I slumped back against the door. I wanted what had just happened out of my mind, as selfish as that was. I didn't want to see her bony arm covered in marks during my next nightmare, where it would surely show up as long as I remembered it. And I didn't want to talk to her again now that I knew why she avoided talking. Or at least now that I had guessed why. She wasn't trying to inflict more pain upon herself or look brave. She just didn't have any control over what came out.

It actually made sense… and what she did in her room made even more sense. I was amazed that I had never even guessed. I needed to tell someone… of course I did, she needed help… but whom could I tell? Mom didn't care; Dad wasn't home. I wondered if Ash could handle our family being any weirder.

"Hey, sis." His ability to appear when thought of was now becoming downright scary.

"Hi… listen… I was just talking to Mirabelle…"

"You still talk to her?" he interrupted, scrunching his face up as if talking about rolling around in a landfill.

"No, of course not. Who could talk to her? I was just, uh, sitting out here… and she opened the door… and… I guess we talked. Depends on how loosely you use the word."

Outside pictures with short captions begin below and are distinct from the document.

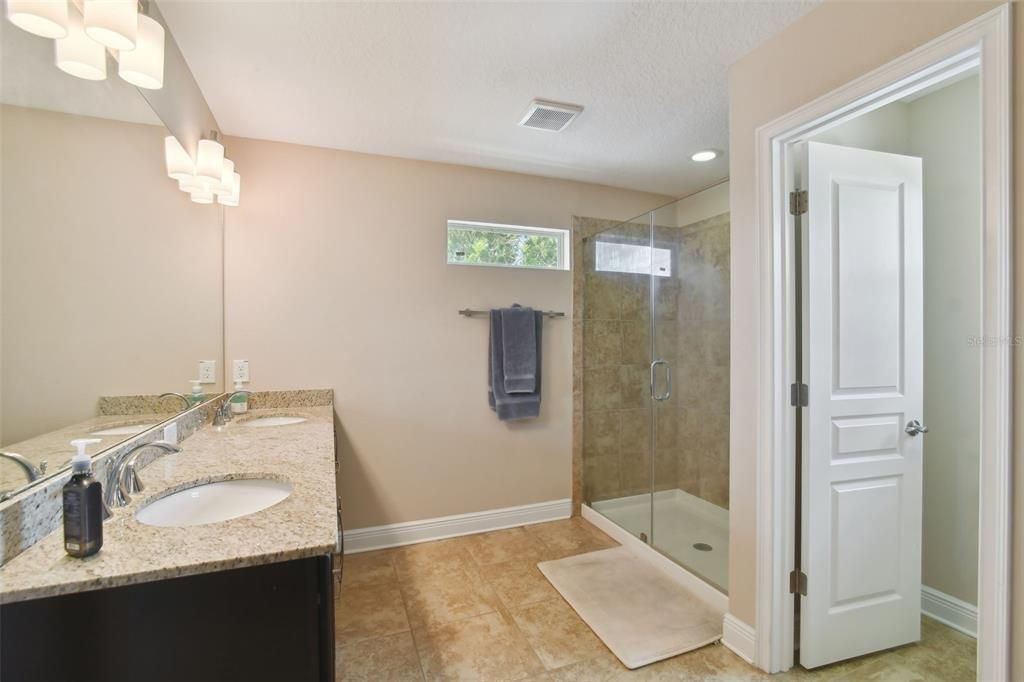 For Rent: $3,600 (4 beds, 2 baths, 1811 Square Feet)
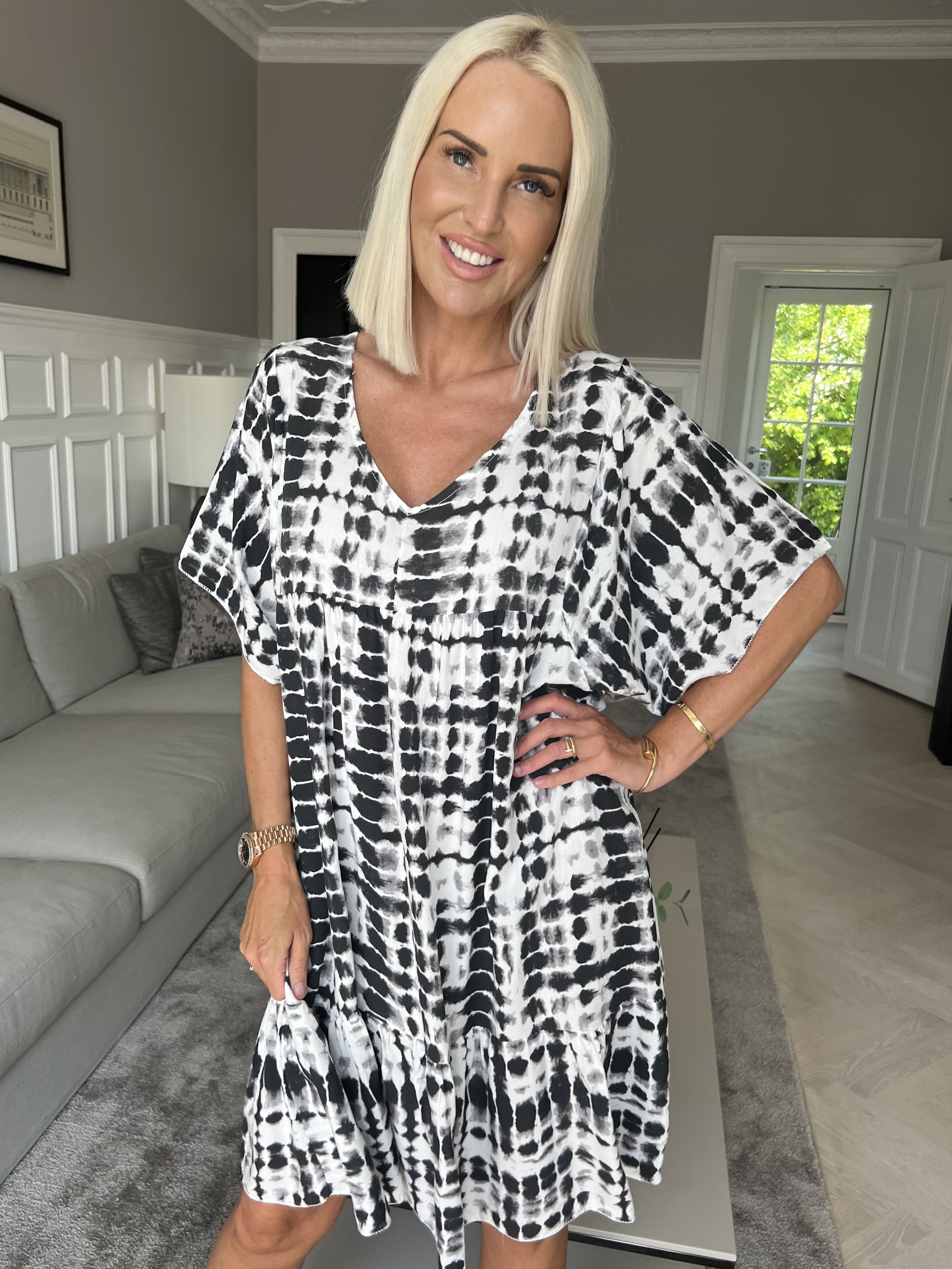 Amanza - Söt tunikaklänning i viskos med batikmönster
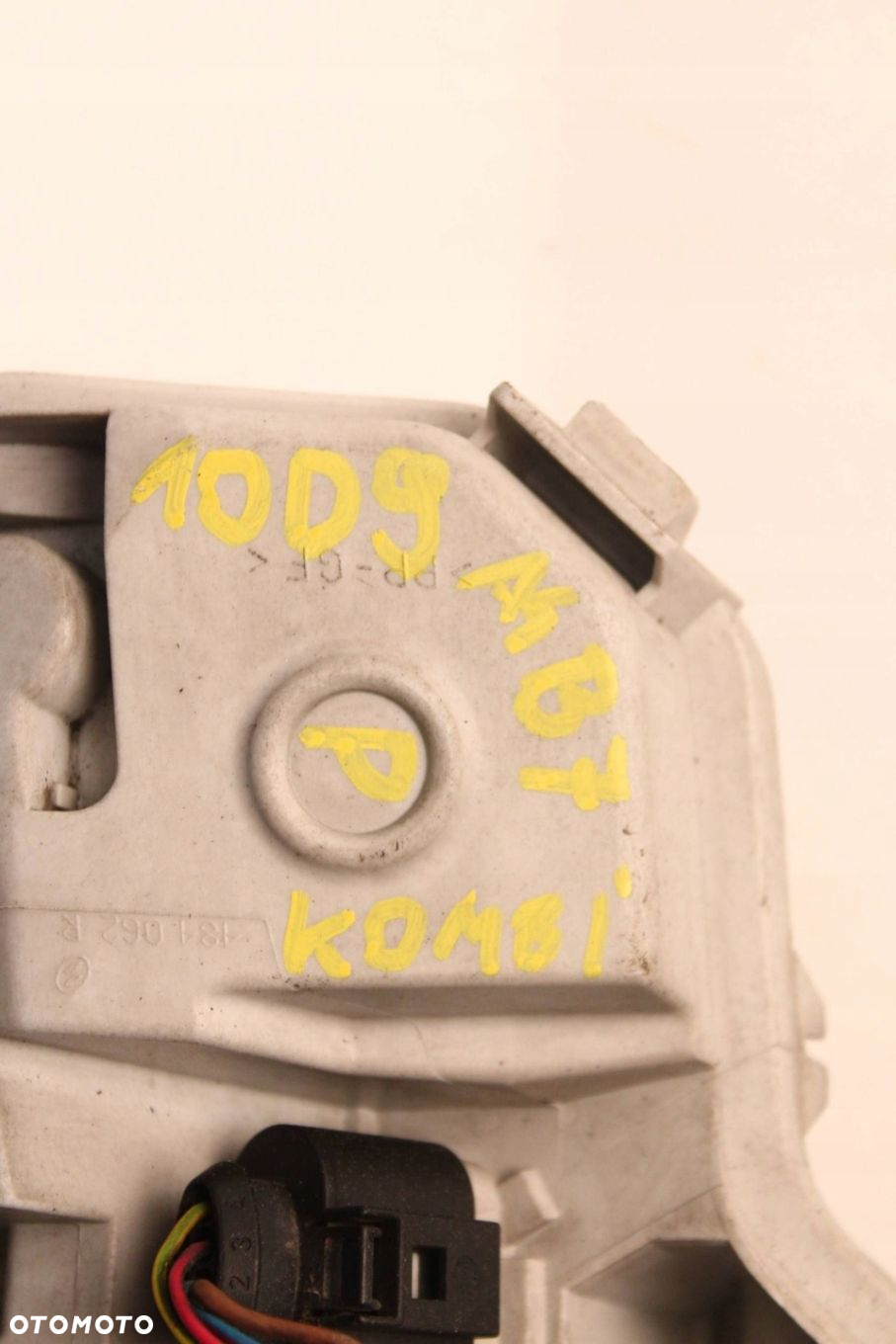 WKŁAD LAMPY GNIAZDO ŻARÓWEK PRAWY TYŁ AUDI A4 B7 KOMBI 484062R - 4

"Oh. Did you talk about anything interesting?"

I nodded. "She hurts herself. And not just the whole cutting thing, a lot of fairly normal people go through that…"

"She burns herself." he finished for me, "Isn't that obvious?"

"You knew?"

"You didn't? I thought it was pretty obvious…"

"How did you know?"

"Well, she goes through matches like a pyromaniac…"

"Do you think she is one?"

"… And every once in awhile you can see a little burn… and you just know." He shrugged.

I was shocked that he was taking this so lightly. "She showed me her arm…" I squeaked, "it's absolutely covered in burns. She needs some aloe…"

"Right. So, did you talk about anything else?"

"Uh… what we should talk about," I replied, embarrassed.

"And did you decide on what to talk about?"

"She changed her mind. She doesn't want to talk to me… or anyone, I guess. I think she's afraid of what she might say."

"Yeah, well, if she wasn't so damn sensitive she'd just get over it like the rest of us."

"I'm afraid she might try to kill herself or something. And she showed me. It's a cry for help!"

"Maybe that's your problem, Mahogany. You think everything is a cry for help. Nothing can just be what it looks like. I really hope you never have kids. They'll end up sitting on a couch talking to a stranger about their problems…"

I wanted to say something really mean and spiteful. I wasn't overly good at that, though… especially not when I was this upset. "At least they won't end up dead."

I wanted to get away from him before I started to cry, so I walked away. It was good to quit while I was ahead, anyway… even though I felt behind. I couldn't help but think that maybe he was right, though. Maybe my family was messed up because of me.